I had just finished writing my monthly column for the COPE April Newsletter when I turned the TV on and saw a commercial for 60 Minutes, a news show on CBS. Not a show I ever watch, the teaser for the next segment caught my attention. An interview was next, with Sandy and Lonnie Phillips. Their daughter was killed in the mass shooting in a movie theater in Aurora, Colorado.
When asked about their loss, they spoke about the rules of grief they read and how they threw them out when they saw they were just not right for them. They described the public response that shocked them—websites saying their daughter was alive, that she was living elsewhere, her parents and media were liars, it was all fake news. The extraordinary abuse they endured and the terrifying helplessness they experienced brought me to tears.
What Mr. and Mrs. Phillips did, in this nightmare, was to pack up their things, get a trailer and start to travel all over the country. Their goal– to support other victims of mass shootings hoping to make the grief of others more manageable. They are extraordinary people. Tragically, they have too many places to visit, too many mass shooting victims and survivors to comfort.
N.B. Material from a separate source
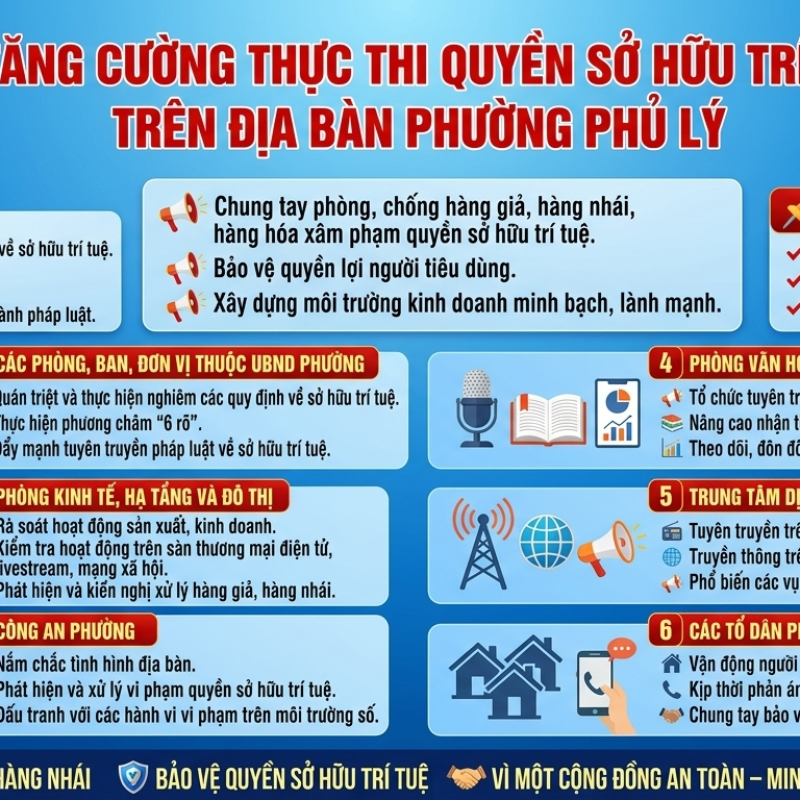 🛡️📢 TĂNG CƯỜNG THỰC THI QUYỀN SỞ HỮU TRÍ TUỆ TRÊN ĐỊA BÀN PHƯỜNG PHỦ LÝ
However, there was a moment in the interview when Mrs. Phillips said she had lost her identity as a mother, that she felt she was no longer the mother of her daughter now that she was gone. I thought of a piece that Sherry Radowitz, a COPE parent and Board member, and a friend for over 40 years, wrote called, “I Am Still Your Mother .” Sherry has always felt a strong spiritual connection to her son. Gone for over 11 years, her memories, her heart, are still wrapped around the young man she lost and the boy she raised. Family memories, albums of photos, stories shared by his friends and classmates are what she holds close now, all reminders of her son and the family he grew up in. While alive only in the hearts and minds of his family, and the community who got to know him, Sherry is still his mother.
I hope that Mr. and Mrs. Phillips, with all that they have lost, and with all that they are doing for others, remember that they are still their daughter’s parents. No one else gets a say in that. No one gets to take that away.